By Adelle M. Banks
2008 Religion News Service

WASHINGTON — With the race for the Republican presidential nomination now behind him, former candidate Mike Huckabee has many possibilities ahead: Potential vice president to John McCain? GOP adviser? Another run for the White House?
Any way, observers say, one thing seems clear: Huckabee is now a kinder, gentler fresh face of the evangelical movement, poised to follow the path laid out by Pat Robertson, who transformed his failed 1988 campaign into a powerful movement of the religious right.
“I think (Huckabee) reflects in many ways what I would call the new evangelical center,” said author Ron Sider, the president of Evangelicals for Social Action. “He simply is not the old religious right.”
The evangelical “old guard” — Focus on the Family founder James Dobson and even the late Jerry Falwell and D. James Kennedy — no longer represent the newer aspects of the movement, which seek to marry fresh issues (environmental preservation) to traditional causes (the sanctity of human life), observers say. In fact, Dobson didn’t endorse Huckabee until almost all the other Republican candidates were no longer running.
“There’s no doubt in my mind that Huckabee has much greater potential to pull a much wider constituency and because of that, he has a lot more staying power, I think, on the national stage,” said Michael Lindsay, a sociologist at Rice University in Houston and the author of “Faith in the Halls of Power.”
Huckabee campaign spokeswoman Kirsten Fedewa said continuing to work with evangelicals would fit with Huckabee’s vision — and version — of American conservatism.
“He is certainly well-positioned to lead a conservative, or a Christian conservative, movement in this country,” she said.
Richard Cizik, who heads the Washington office of the National Association of Evangelicals, says Huckabee differentiates himself from earlier evangelical leaders, in part because of his “appealing” demeanor.
“Is he a culture warrior? No,” Cizik said. “But you can be for principles without being a culture warrior and obnoxious. He’s just not obnoxious.”
But the extent to which Huckabee sticks with the broadening concerns of evangelicals, such as fighting global hunger and opposing torture, will determine his staying power as a movement leader, Cizik added.
David Kuo, Washington editor for Beliefnet.com, has predicted that Huckabee, a onetime Southern Baptist pastor and former governor of Arkansas, could emerge as a Republican kingmaker.
“At the end of the day, Mike Huckabee has followed Pat Robertson’s
1988 model better than Pat Robertson did,” Kuo said.
Both candidates, he noted, had strong showings in an Iowa GOP primary and ended up with lists of donors that translated into new evangelical voters for the Republican Party.
“He was a lot more successful across the country, he went a lot longer into the race and he defines himself in a completely different way,” Kuo said. “He has the capacity to reach the youth and right now … younger evangelicals are the ones who are more inclined to go to the Democratic Party.”
Pastor Dwight McKissic of Arlington, Texas, said Huckabee’s appeal is not limited to white evangelicals.
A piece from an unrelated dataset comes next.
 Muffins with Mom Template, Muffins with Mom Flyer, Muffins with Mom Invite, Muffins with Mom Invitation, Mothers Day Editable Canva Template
On his last Sunday on the campaign trail, Huckabee visited McKissic’s predominantly black Baptist church, and said Huckabee drew several rounds of applause as he preached a sermon on being “a good soldier of Jesus Christ.”
“Mike Huckabee has great people skills,” said McKissic, who attended college with Huckabee and marveled at his ability to get 48 percent of the black vote as a candidate for governor in Arkansas. “He’s always worked across various kinds of lines to accomplish goals.”
But Family Research Council President Tony Perkins doesn’t think it will be as easy for Huckabee to gain a post-campaign platform as it was for Robertson.
“Pat Robertson had a TV network around which he could base his operation,” said Perkins, co-author of the new book, “Personal Faith, Public Policy.”
“You’ve got to have some infrastructure. Just a list of names is not going to be enough.”
Perkins thinks Huckabee could help the Republican Party refocus its attention on issues important to social conservatives, but views the former candidate as just one leader of the evangelical movement, not the only one.
“I would clearly see him as an evangelical leader,” said Perkins.
“Is he the next Jerry Falwell? I don’t think there is a next Jerry Falwell. We’re in a different time.”